Community thoughts/Cheers/Flames/Jimmy gets ejected out of another airlock/Am I smoking Crack?

-JZ
Feb 17, 2008 at 12:15 AM
First, just to clarify something regarding the ctor selection: When no InjectionConstructorAttribute is specified, it doesn't take the 1st ctor, it takes the one with the most arguments (at least as I can see in the current code base).

Second, I totally agree for better config support. But there are changes to be made to the container in order to support such config. AFAIK, there are no ways to provide values that aren't registered as dependencies nor instances in the container.

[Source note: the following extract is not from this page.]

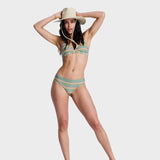 Ocean Dreamer Hipster Bikini Underdel - Dame - Oil Green Say It With Stripes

So if I have a class with the following ctor:

public class Foo
{
  public Foo(string name, int index) {...}
}

I need to register 2 instances in the container which make no sense since registering instances should be for shared services not for parameters local to a type ctor.

Just imagine I need to build a second type through the container:

public class Person
{
  public Person(string firstName, string lastName) {...}
}

How are we supposed to build such types?
Feb 17, 2008 at 3:25 PM
Yes, Francois is correct - the container uses the greediest constructor, unless it finds the explicitely decorated one.
Re: config scheme improvement - sure, this is something we'll consider and likely do. Thanks for the good feedback!
Feb 17, 2008 at 4:28 PM


gmelnik wrote:
the container uses the greediest constructor

thanks for the heads up. :) I'm glad the larger of the cocnstructors is taken by default.

Since that's the case you'll want to update the documentation in the "Annotating Objects for Constructor Injection" article
There it states:

How Unity Resolves Target Constructors and Parameters
When a target class contains more than one constructor, Unity will use the one you decorate with the InjectionConstructor attribute. If there is more than one constructor, and none carries the InjectionConstructor attribute, Unity will use the first one returned through reflection over the class members. Reflection occurs in an effectively random order, and so the selected constructor may not be the first within the class declaration.